Big and small organizations alike use relational databases to store, manage, and analyze critical information. But what makes a database “relational?” A relational database organizes data in predefined relationships, letting you easily understand how your data is connected.
A well-designed database provides several benefits:
- The database structure is easy to modify and maintain. Workflows rarely stay the same forever–you’ll likely have to make some adjustments to your core relational data model in the future. Fortunately, a well-designed database ensures that any modifications you make to fields in one table will not adversely affect other tables.
- It’s easier to find the information that you need. With a consistent, logical database structure (that avoids duplicate fields and tables), it’s much easier to query your database.
- You can avoid redundant, duplicate, and invalid data. This data can undermine the validity of your database, but you can design your relational database to minimize the risks posed by low-quality data.
- You can avoid situations where you are missing required data.
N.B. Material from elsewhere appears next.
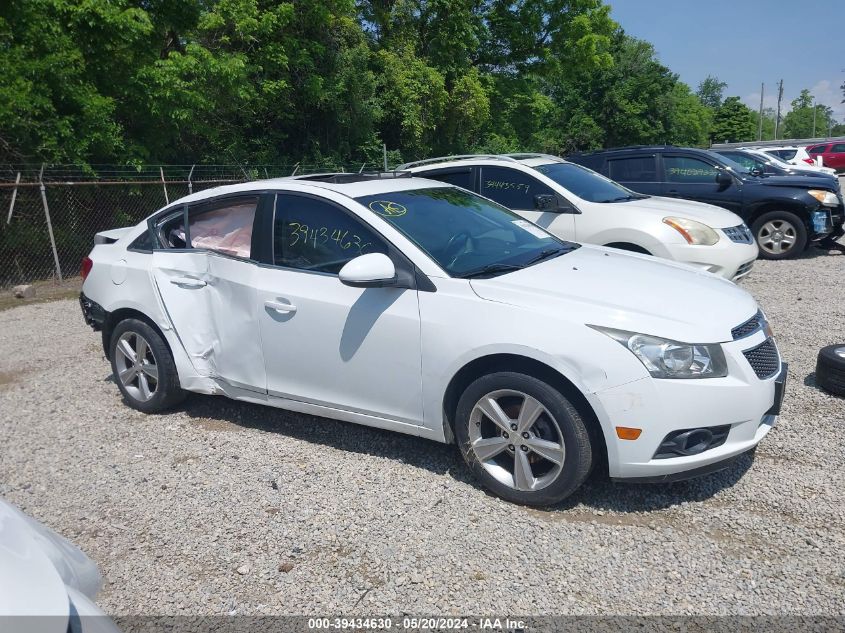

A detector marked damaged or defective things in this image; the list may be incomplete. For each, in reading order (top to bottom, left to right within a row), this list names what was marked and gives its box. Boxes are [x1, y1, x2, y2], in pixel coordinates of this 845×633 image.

damaged white car [79, 173, 784, 504] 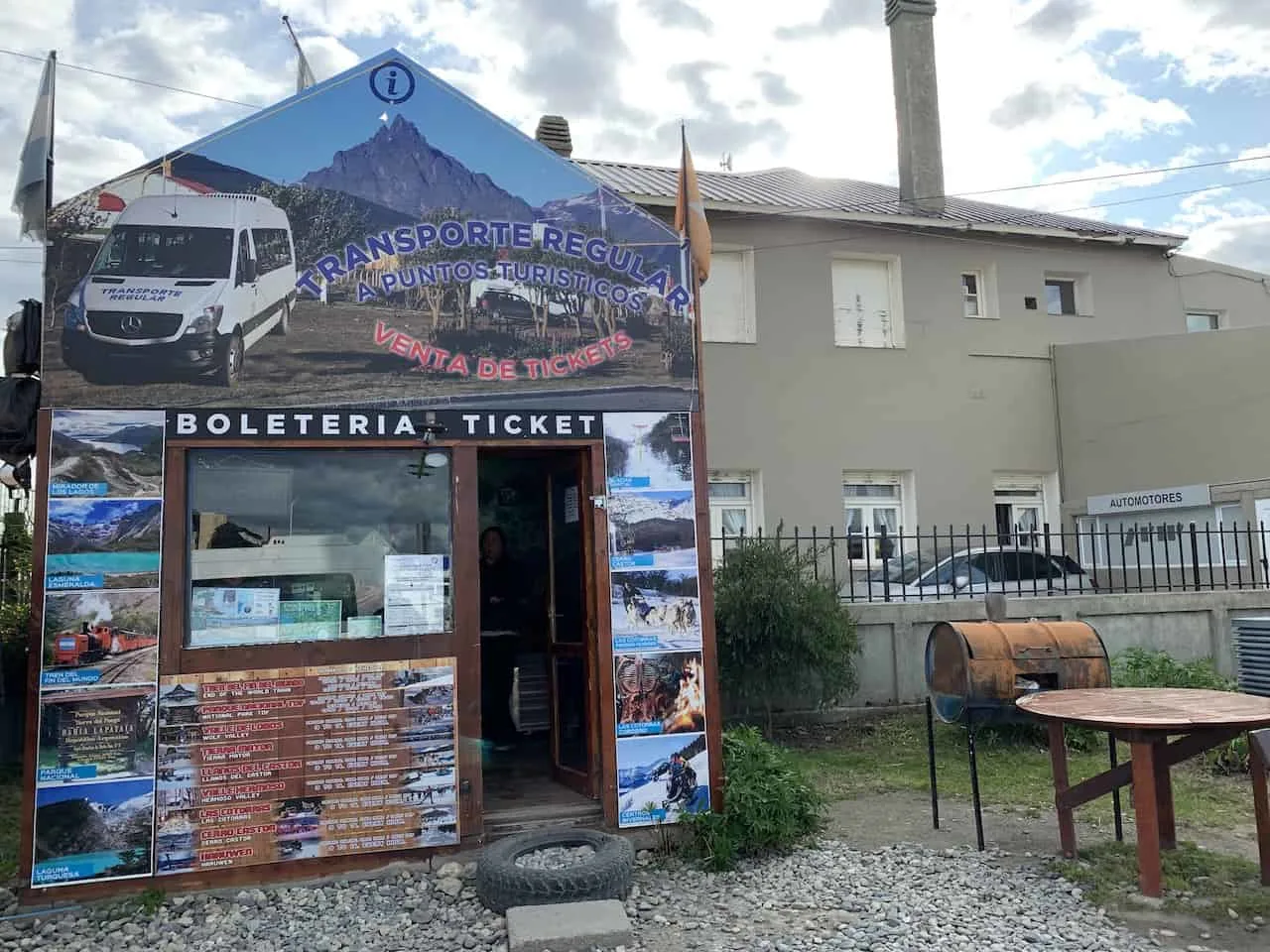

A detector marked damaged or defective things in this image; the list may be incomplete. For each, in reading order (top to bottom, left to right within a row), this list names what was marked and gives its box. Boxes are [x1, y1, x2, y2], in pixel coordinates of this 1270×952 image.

rusty barrel grill [919, 622, 1117, 853]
If you can identify ahead of time which types of data are most critical to your workflow, you can structure your database in such a way that it enforces proper data entry, or alerts users when records are missing critical data.
If you build a house without finalizing the blueprints, odds are when it’s finally built the house will have questionable structural integrity. Similarly, taking time to think carefully about the design of your relational database before implementing it can save you a lot of trouble in the long run. In this tutorial, we’ll cover several design principles that you can follow to help you build better databases.
What is a "well-designed" database?
Good database design is important. But what does it actually mean for a database to be well-designed?
Fast fact: The first person to devise an abstract model for database management was Edgar Frank Codd, an English computer scientist who joined IBM in the 1940s.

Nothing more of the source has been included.